Local history

Paula and I were out walking yesterday evening; around Harold’s Cross and the canal and Portobello, a nice area of Dublin that we’re maybe going to start apartment hunting in soon. I stopped to examine one of those blue cultural plaques on one of the old Georgian houses on Clanbrassil Street which claimed that Leopold Bloom was born there, and we got talking to a fellow loiterer.

Apparently, he told us, the plaque was wrong. The old lady in the shop down the road had claimed that it was on the wrong street completely, and there was a plaque on the correct street that should have been here.
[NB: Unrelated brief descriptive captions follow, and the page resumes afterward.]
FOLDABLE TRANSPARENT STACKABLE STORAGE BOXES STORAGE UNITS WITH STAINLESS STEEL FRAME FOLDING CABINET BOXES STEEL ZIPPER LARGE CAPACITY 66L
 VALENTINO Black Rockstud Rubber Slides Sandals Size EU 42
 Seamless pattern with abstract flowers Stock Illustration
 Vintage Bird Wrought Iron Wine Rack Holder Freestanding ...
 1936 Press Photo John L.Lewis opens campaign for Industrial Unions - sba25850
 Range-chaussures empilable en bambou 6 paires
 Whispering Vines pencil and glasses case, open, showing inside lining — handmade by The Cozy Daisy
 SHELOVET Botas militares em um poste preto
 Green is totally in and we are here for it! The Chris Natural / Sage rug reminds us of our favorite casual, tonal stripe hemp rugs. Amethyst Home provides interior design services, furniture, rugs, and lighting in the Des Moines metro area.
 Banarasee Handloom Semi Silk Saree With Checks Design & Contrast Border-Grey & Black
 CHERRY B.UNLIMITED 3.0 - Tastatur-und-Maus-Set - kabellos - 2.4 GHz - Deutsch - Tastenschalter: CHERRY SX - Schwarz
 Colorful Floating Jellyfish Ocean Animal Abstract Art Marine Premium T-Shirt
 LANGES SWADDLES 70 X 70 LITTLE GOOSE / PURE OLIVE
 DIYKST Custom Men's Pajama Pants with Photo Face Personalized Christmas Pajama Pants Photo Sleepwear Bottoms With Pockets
The three of us ended up chatting for half an hour or so.

We heard about how the area had once been a melting pot of cultures: a stronghold of the Jewish community in Ireland (the man, who had grown up in the area, used to earn money every Saturday evening for turning on the lights in their houses because they refused to work), the working class (at least until 1969, when they moved out to the newly-built suburbs and a Northside/Southside socioeconomic divide was created), settled British army officers and their families (who used to display a picture of a horse in their window to indicate their loyalty), and local tradesmen and shopkeepers (like the butcher who refused to remove the swastika, an ancient and beautiful symbol, from his van just because it had been hijacked by Adolf). We chatted about famous people in history and local literature, listened to some anecdotes, and heard about the architectural and cultural changes of the last fifty years. All of it about the road we were standing on, every story (to get a bit floaty about it all), invisibly woven into the fabric of the street.

We walked back into the city centre as it got dark, enthused and fresh with one of those completely obvious but exciting realisations; there’s history everywhere.

Note to self: talk to strangers more often.